サントリーグループはビームサントリーとして設立当初から参画し、WHOの「アルコールの有害な使用の低減に向けた世界戦略」(2010年採択)に対する酒類業界としての取組みである「アルコールの有害な使用の低減のための業界コミットメント」の策定にも深く関わってきました。
「業界コミットメント」は2013年から5年間にわたり、5つの分野での取り組みに推進しています。

  • 未成年者の飲酒の低減
  • 業界自主基準の展開と強化
  • 責任ある商品開発と消費者への情報開示
  • 飲酒運転の低減
  • 小売分野との連携強化

コミットメントの進捗報告やその評価は第3者によって行われプログレスレポートとして毎年報告されています。

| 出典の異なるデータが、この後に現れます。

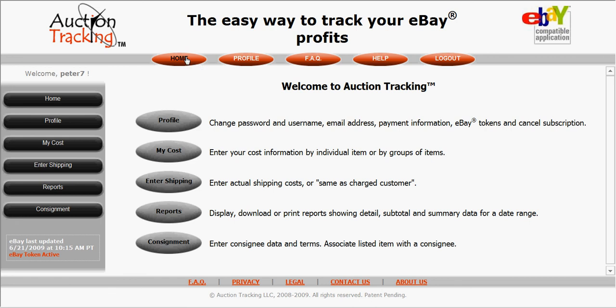I would recommend anybody who sells on eBay to give this site a test drive and see what you think, because to me it's an amazing site. Hope it works for you guys as well as it's worked for me. Bye bye.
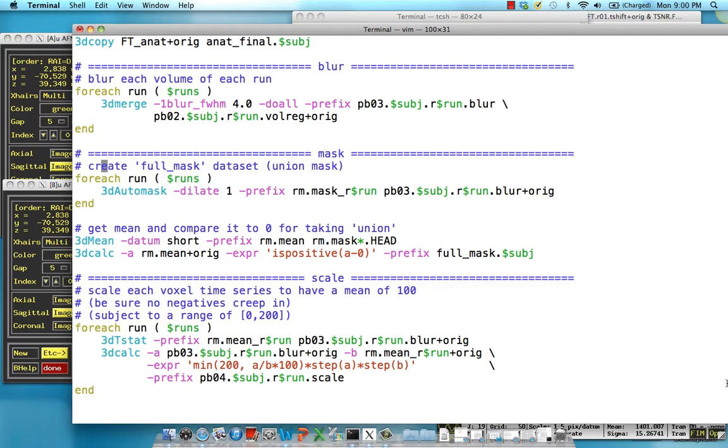And we do that with creating a mask. Now for this single subject analysis, we're not going to actually be applying the mask at any step in the pipeline, but if you wanted to do something like cluster correction thresholds, you could use this mask to determine what an appropriate cluster correction would be.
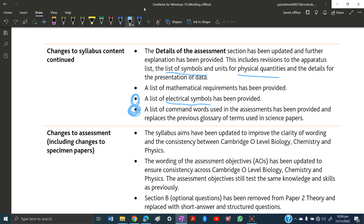I always advise that whenever you are studying, keep the syllabus open beside you alongside your book so you are learning exactly what is in the syllabus — not anything extra, and not missing anything. If you miss out a concept it will be problematic, so always have the syllabus open whether you are in class or anywhere else.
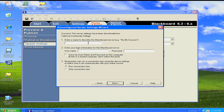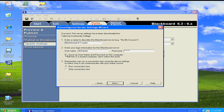Then we're going to enter a name for the server. In our case, I'm going to call it Blackboard 9.1 Learn. Then enter your credentials — your username and password. Only select the next option if you're in a private terminal, not a public terminal. In our case, I'm going to go ahead and select it, and then run a connection test. Click Next.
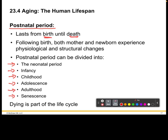The last thing to talk about is the fact that dying is part of the life cycle, so literally it is from beginning to the end. The next few videos are going to specifically discuss each of the following stages of the postnatal period, or the aging process.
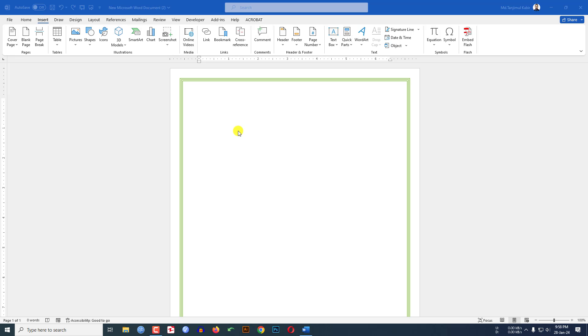In this short tutorial, you will see how to add page border in Microsoft Word. So if you want to be an expert, watch the video till the end. Let's begin the topic.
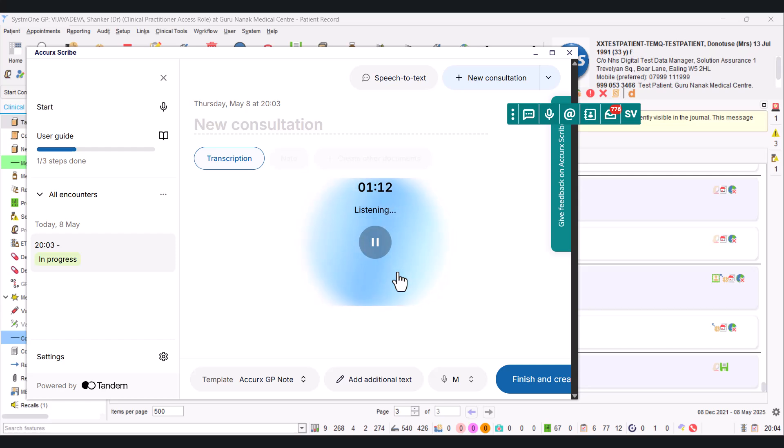Paracetamol and ibuprofen. Have you taken any medicine? Paracetamol and ibuprofen. Okay, were they any good? They helped for a little while but then it didn't help because it went back to normal. Okay. Can we have a look at your throat? Okay, ah.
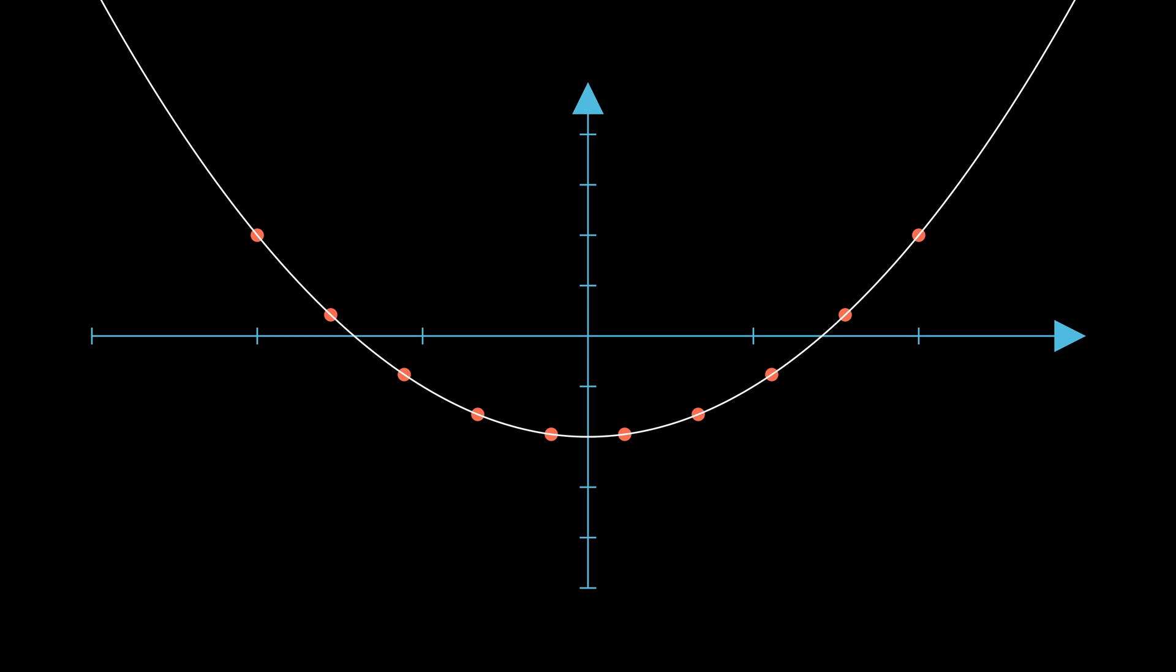This is what a neural network should also learn. It should learn to approximate the function that this data is representing. If a new x value appears, we should be able to predict the y value, even if we didn't know about this point before.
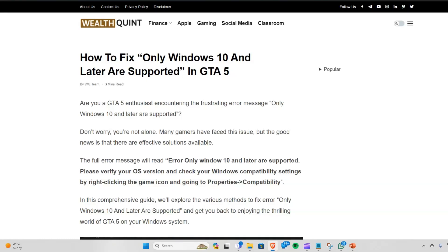Hello everyone, welcome back to our YouTube channel. In today's video, we will guide you through the process of how to fix 'Only Windows 10 and later are supported' in GTA 5. Are you a GTA 5 enthusiast encountering this frustrating error message? Don't worry, you're not alone. Many gamers have faced this issue, but the good news is that there are effective solutions available.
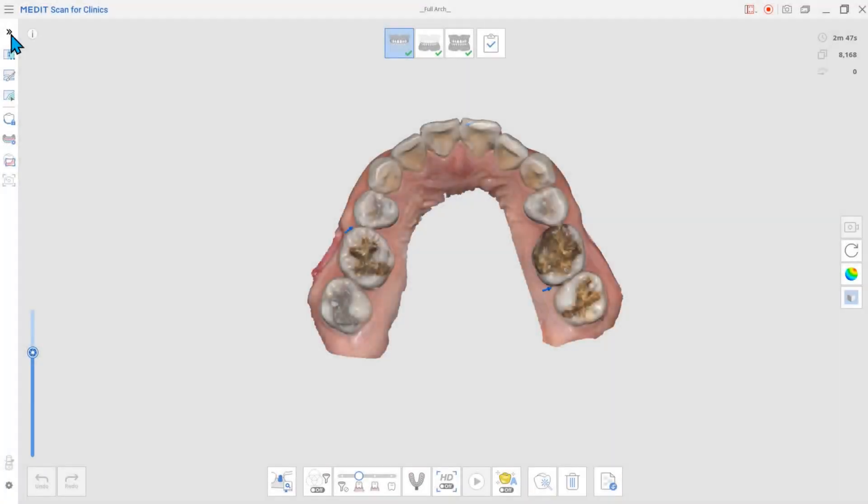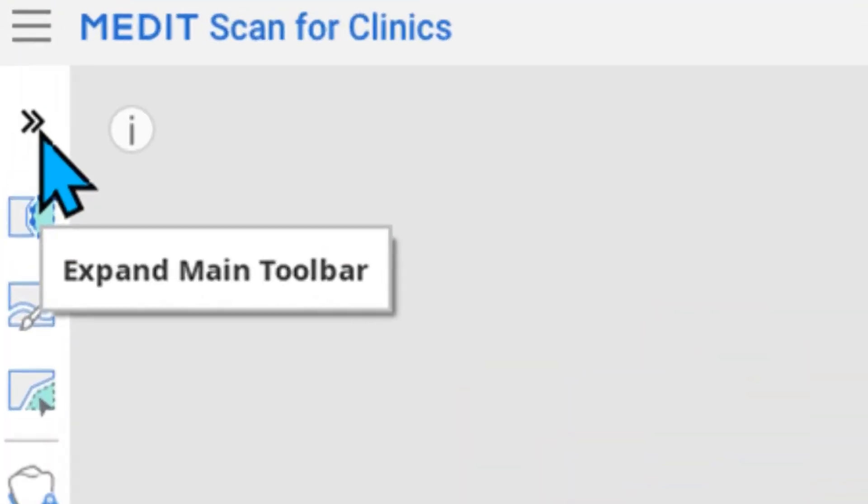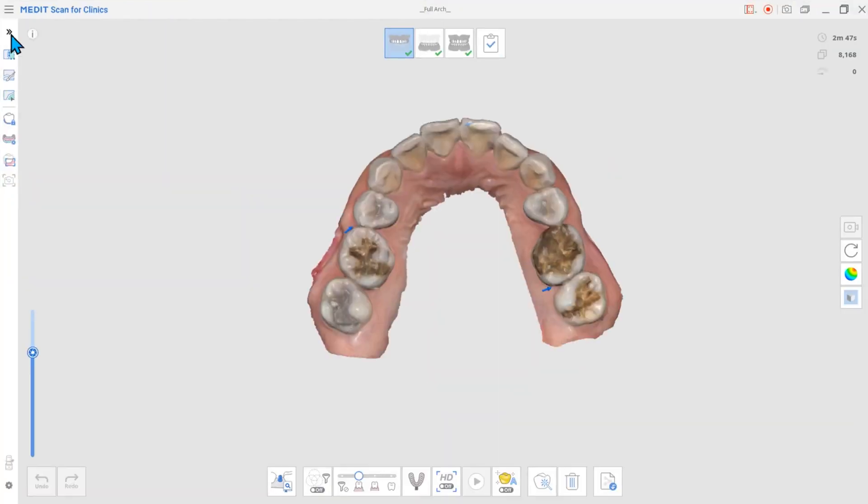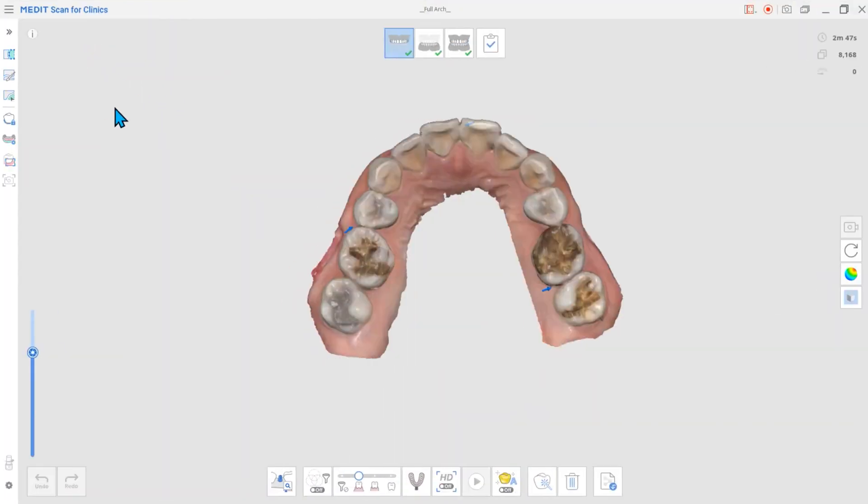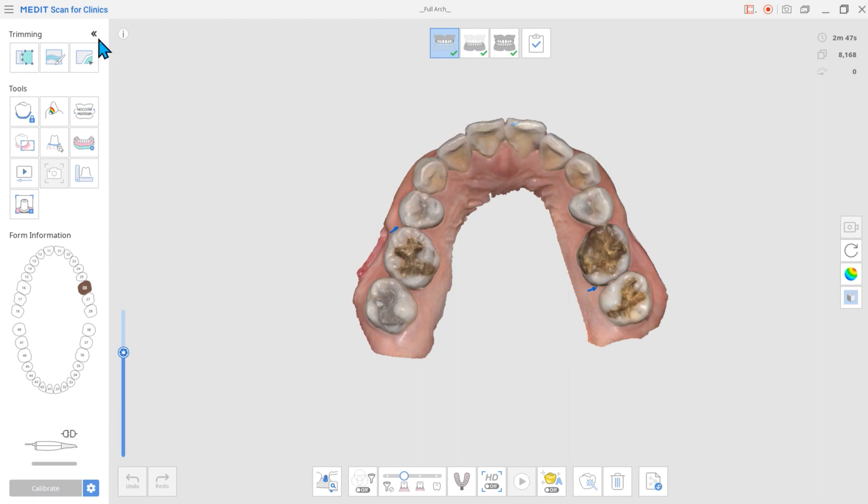We'd like to introduce you to the newly updated Medit Scan for Clinics version 1.7. First, we changed the side toolbox. You can now hide the side toolbox so you can enjoy a wider screen.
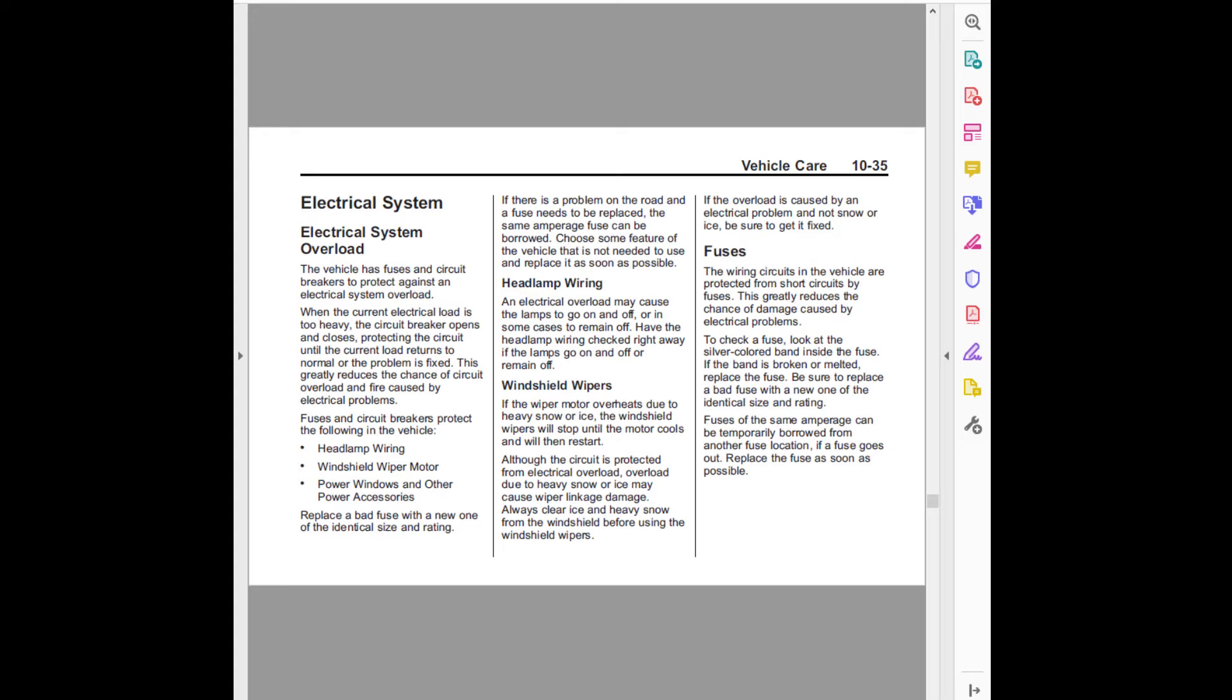If there is a problem on the road and a fuse needs to be replaced, the same amperage fuse can be borrowed. Choose some feature of the vehicle that is not needed to use and replace it as soon as possible.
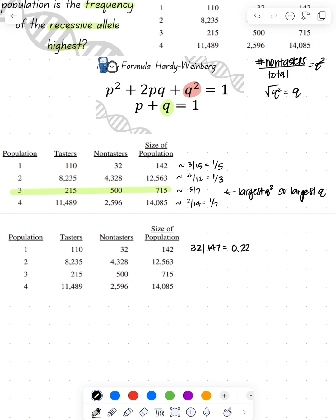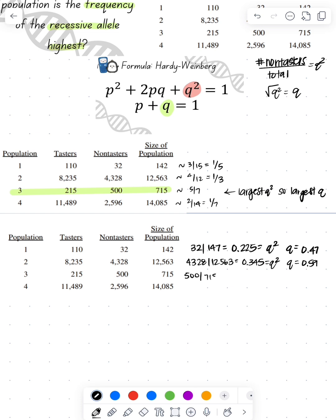But let's see the math of this just to confirm. So 32 divided by 142 gives me 0.225, which is my Q squared value. I take the square root of that and it gives me 0.47. Then I do 4,328 divided by 12,563, and that gives me 0.345. Then I do the square root of that, which gives me 0.59. And I do 500 divided by 715, which gives me 0.699, which is my Q squared. And then I get my Q of 0.84.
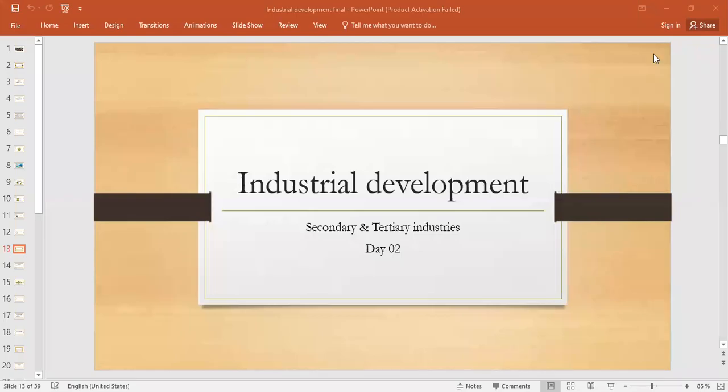As-salamu alaykum, dear students. How are you all? I hope you are doing well. Let's start another objective of our topic that we have already started in the previous class, that is industrial development.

日本やアメリカを含むサントリーグループの主要市場での取り組みも報告・評価されており、日本での未成年者飲酒防止の親子向け教材の配布やアメリカにおける交通裁判所との飲酒運転再犯者に対する教育プログラムなどの独自の取組みや、各国の酒類業組合との協同取組みも高い評価を得ています。
2018年からはデジタル媒体に関する基本原則を策定・遵守することにより、未成年者へのお酒に関するメッセージの到達防止に努めています。また未成年飲酒や飲酒運転など不適切な飲酒に関するトレンドレポート等も発行しています。
IARD会員社のCEOによる会議も毎年開催され、酒類業界として中長期的かつグローバルに取り組むべき事項について真剣な討議が行われています。

  • IARD CEO会議の様子(2019年)

  • プログレスレポート

  • デジタル媒体に関する共同宣言(2018年)と不適切な飲酒に関するトレンドレポート(未成年飲酒版、2019年)

Beam Suntoryの適正飲酒啓発活動

事例1)飲酒運転防止の取り組み

DWI裁判所への支援
飲酒運転を繰り返す可能性が高い常習違反者に対し、実証に基づいたプログラムで治療を行うために創設されたDWI裁判所の全米国民センターへの支援を行っています。

事例2)大学生に向けた取り組み

Building Resilience In Campus Community (BRICC) Coalition
ケンタッキー州のルイヴィル大学とケンタッキー大学が行っている、個人、グループ、団体、コミュニティの各階層での高リスク飲酒低減を目指す活動を支援しています。